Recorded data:
******************************

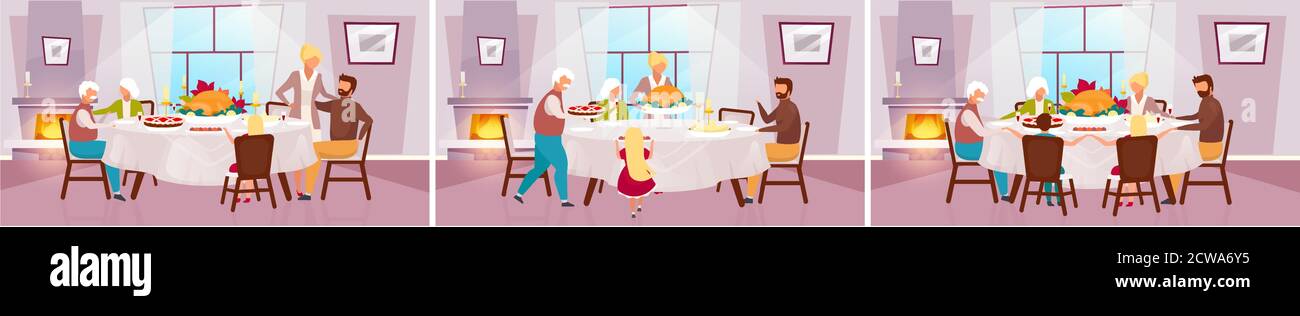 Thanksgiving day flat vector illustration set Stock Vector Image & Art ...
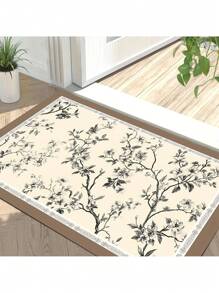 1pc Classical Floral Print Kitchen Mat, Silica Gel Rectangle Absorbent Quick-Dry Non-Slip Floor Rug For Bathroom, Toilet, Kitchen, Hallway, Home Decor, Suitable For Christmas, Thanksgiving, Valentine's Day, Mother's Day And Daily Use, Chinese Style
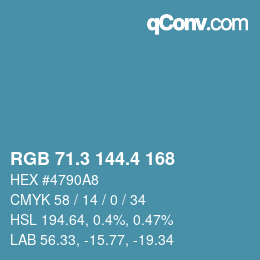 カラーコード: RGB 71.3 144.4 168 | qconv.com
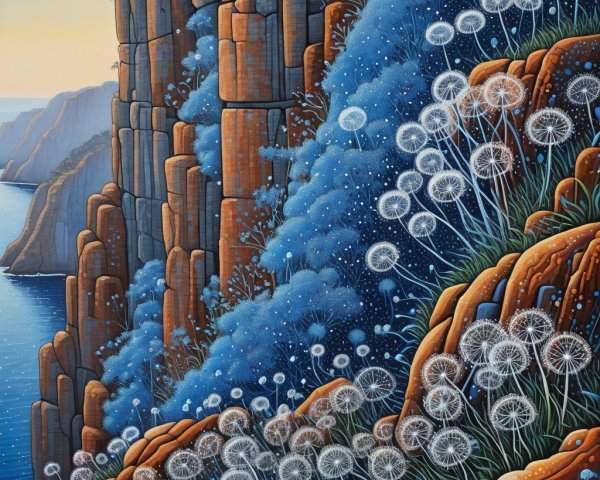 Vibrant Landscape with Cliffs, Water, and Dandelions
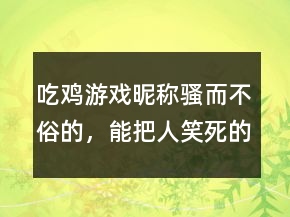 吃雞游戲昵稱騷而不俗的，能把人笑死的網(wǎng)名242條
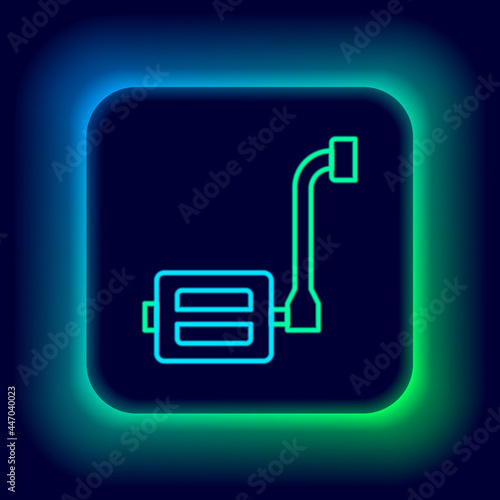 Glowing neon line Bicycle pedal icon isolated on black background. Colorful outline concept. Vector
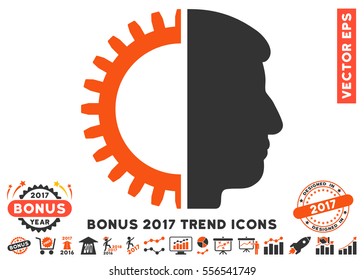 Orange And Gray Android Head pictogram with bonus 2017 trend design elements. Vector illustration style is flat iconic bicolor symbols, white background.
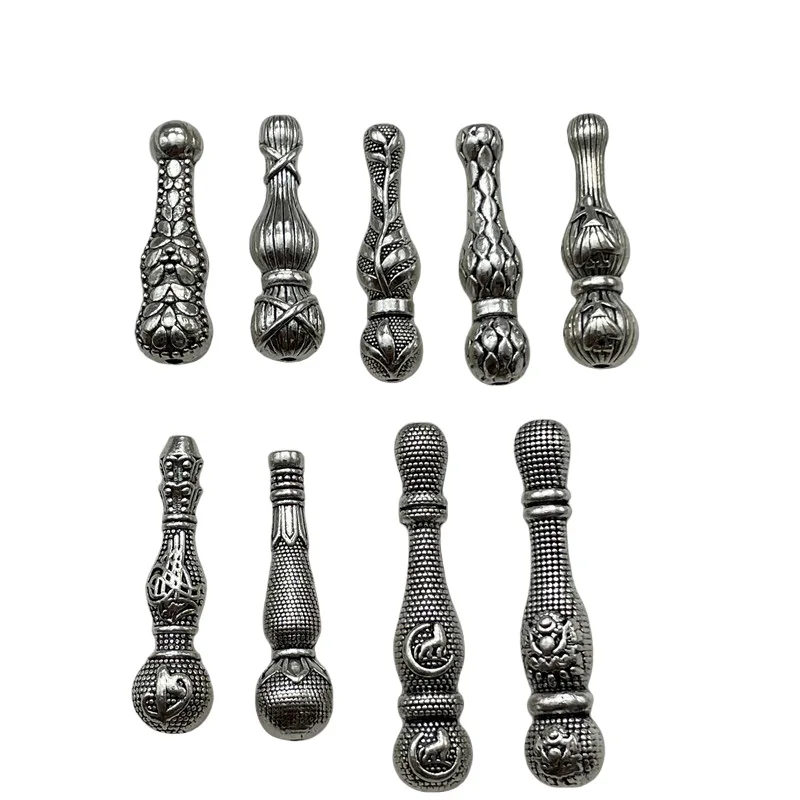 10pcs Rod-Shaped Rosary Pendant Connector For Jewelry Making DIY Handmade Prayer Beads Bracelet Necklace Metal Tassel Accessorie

******************************

Problem description -> Output the data above without changes, apart from leaving out the pictures.

Response ->
 Thanksgiving day flat vector illustration set Stock Vector Image & Art ...
 1pc Classical Floral Print Kitchen Mat, Silica Gel Rectangle Absorbent Quick-Dry Non-Slip Floor Rug For Bathroom, Toilet, Kitchen, Hallway, Home Decor, Suitable For Christmas, Thanksgiving, Valentine's Day, Mother's Day And Daily Use, Chinese Style
 カラーコード: RGB 71.3 144.4 168 | qconv.com
 Vibrant Landscape with Cliffs, Water, and Dandelions
 吃雞游戲昵稱騷而不俗的，能把人笑死的網(wǎng)名242條
 Glowing neon line Bicycle pedal icon isolated on black background. Colorful outline concept. Vector
 Orange And Gray Android Head pictogram with bonus 2017 trend design elements. Vector illustration style is flat iconic bicolor symbols, white background.
 10pcs Rod-Shaped Rosary Pendant Connector For Jewelry Making DIY Handmade Prayer Beads Bracelet Necklace Metal Tassel Accessorie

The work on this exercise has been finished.